MLPerf Benchmark

This section provides an overview of how to run the MLPerf benchmark tests using the Palette Software. The official MLPerf benchmark is run on a board that is different from the one in the Development Kit. However, following the steps below using the board in the Development Kit will allow users to run the MLPerf benchmark and replicate the performance results published.

Note

You can get the FPS (Frames Per Second), but you would not be able to get accuracy or power figures. Accuracy requires a different and bigger dataset than what is shipped with SiMa’s Software Development Kit.

Before you begin running the MLPerf tests, follow the steps below:

Confirm that your board has been flashed with the latest tRoot and Yocto build. Please refer to Firmware and Board Software Update for more details.
- To verify, run cat /etc/buildinfo and look for the build number.
- If the version needs to be upgraded, follow the instructions to flash the board or contact support@sima.ai.
Connect your Developer Board to your laptop and make sure you can SSH to the board.
Download the following files within the .zip file using the download button:
- mlperf_resnet50_dataset.dat
- check_accuracy.sh
- imagenet_accuracy.py
- val_map.txt

Accessing the MLPerf Files

Download Now

Unzip the file.

sima-user@sima-user-machine:~$ cd ~/Downloads
sima-user@sima-user-machine:~/Downloads$ unzip ml_perf.zip

SSH into the board.

sima-user@sima-user-machine:~$ ssh sima@10.42.0.241
    The authenticity of host '10.42.0.241 (10.42.0.241)' can't be established.
    ED25519 key fingerprint is SHA256:FbMdheLl0xLWy33YLEWUAcddRvjavYqg83rgnkFYcos.
    This key is not known by any other names
    Are you sure you want to continue connecting (yes/no/[fingerprint])? yes
    Warning: Permanently added '10.42.0.241' (ED25519) to the list of known hosts.
    sima@10.42.0.241's password:
davinci:~$

Change the directory to /data and secure Copy (scp) the above four files to the /data directory on the Development Kit (device).
davinci:/data# sudo scp <host_user_name>@<host_ip_address>:/path/to/datafile/mlperf_resnet50_dataset.dat .

Running MLPerf Tests

To run the Batch1, Batch8, and Batch14 performance and accuracy mode tests, follow the steps described below.

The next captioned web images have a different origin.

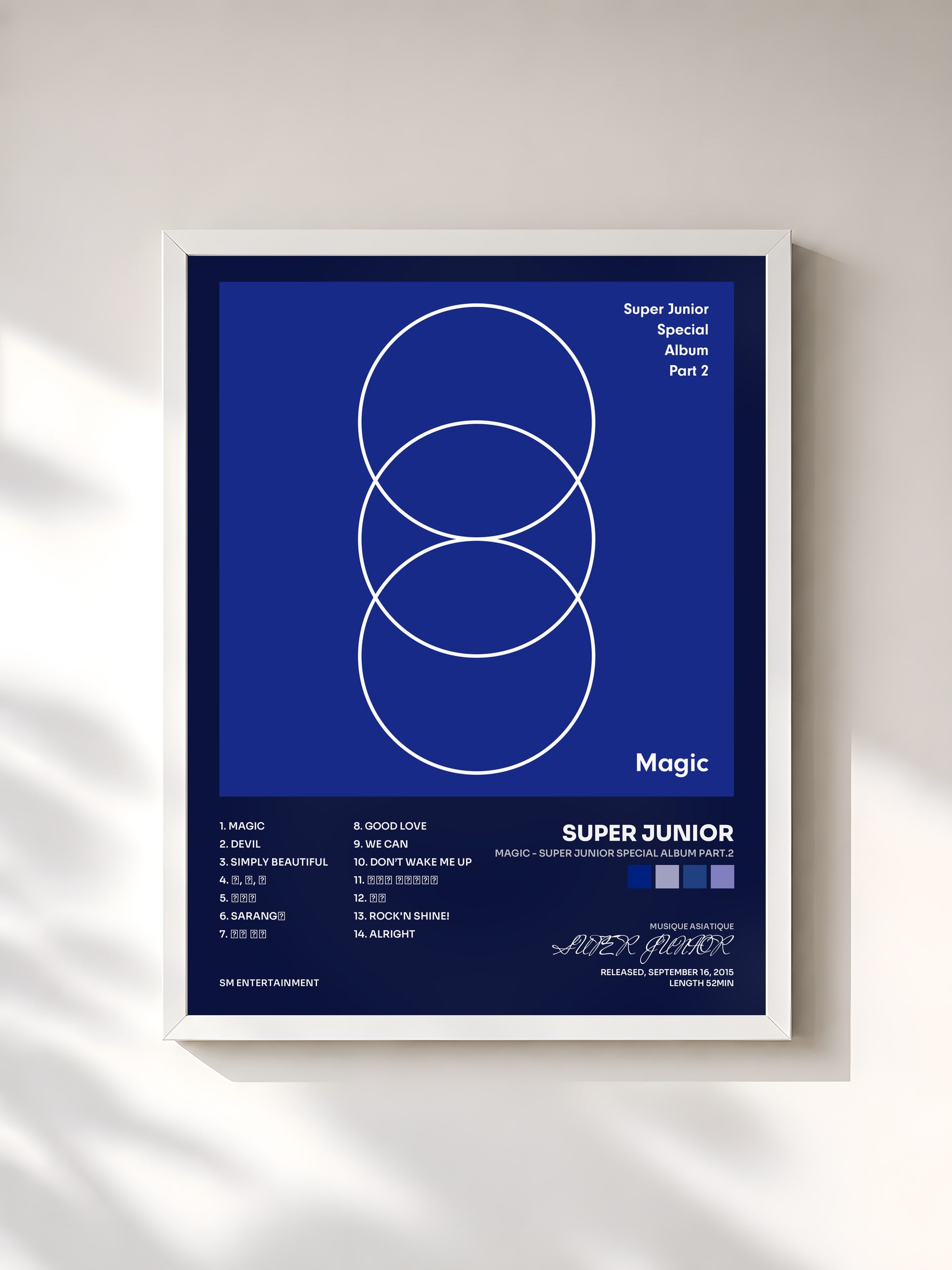 #blanc Tableau de l'album MAGIC - SUPER JUNIOR SPECIAL ALBUM PART.2 de SUPER JUNIOR, cadre blanc, imprimé et encadré en France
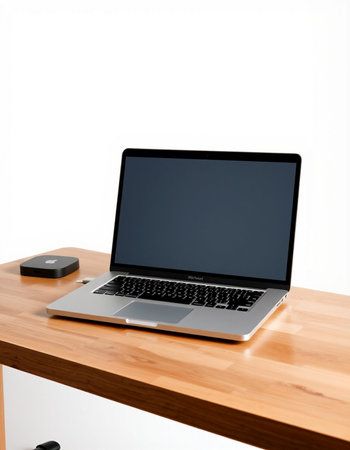 Laptop on wood desk isolated on white background with clipping path.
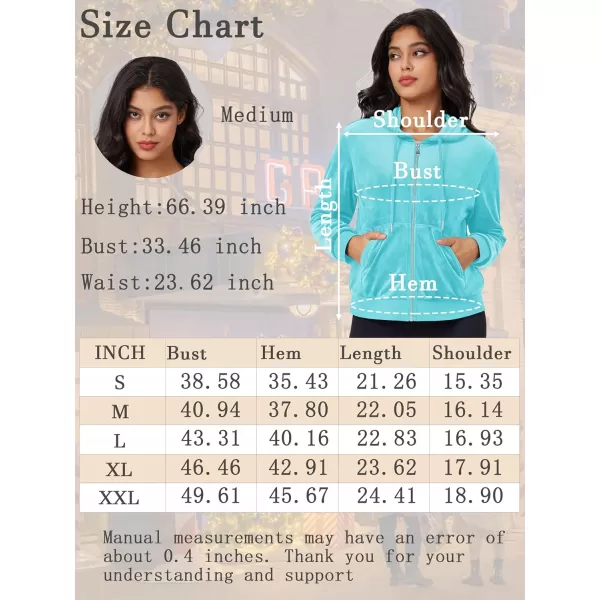 MAGCOMSEN Women's Velour Crop Hoodie Jacket Long Sleeve Zip Up Tops Soft Casual Velvet Jacket with Pockets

Batch1 Performance Mode Test

Go to the MLPerf directory in the Docker container.

sima-user@docker-image-id:/home# cd /usr/local/simaai/app_zoo/Gstreamer/MLPerf

Verify the dependencies section in the application.json file in the SDK.

sima-user@docker-image-id:/home# vi /usr/local/simaai/app_zoo/Gstreamer/MLPerf/application.json

Make sure the gst section in /usr/local/simaai/app_zoo/Gstreamer/MLPerf/application.json within the Pallete Docker container is updated as shown below:
"gst": "MLA_OCM=max LD_LIBRARY_PATH=\"/data/simaai/applications/MLPerf/lib\" gst-launch-1.0 --gst-plugin-path='/data/simaai/applications/MLPerf/lib' fakesrc ! ml_filter in-dims=1:3:224:224 out-dims=1:64 mlperf-run-type=0 mlperf-scenario=0 toy-mode=false output-path=\"/data/simaai/applications/MLPerf\" inpath=\"/data/mlperf_resnet50_dataset.dat\" config=\"/data/simaai/applications/MLPerf/etc/bad_sparse_resnet50_v1_b1.config\" silent=true ! fakesink"
Update the parameter values as shown below:

“In-dims” to 1:3:224:224

“Out-dims” to 1:64

“Mlperf-run-type” to 0

“Mlperf-scenario” to 0

“Inpath” to “/data/mlperf_resnet50_dataset.dat”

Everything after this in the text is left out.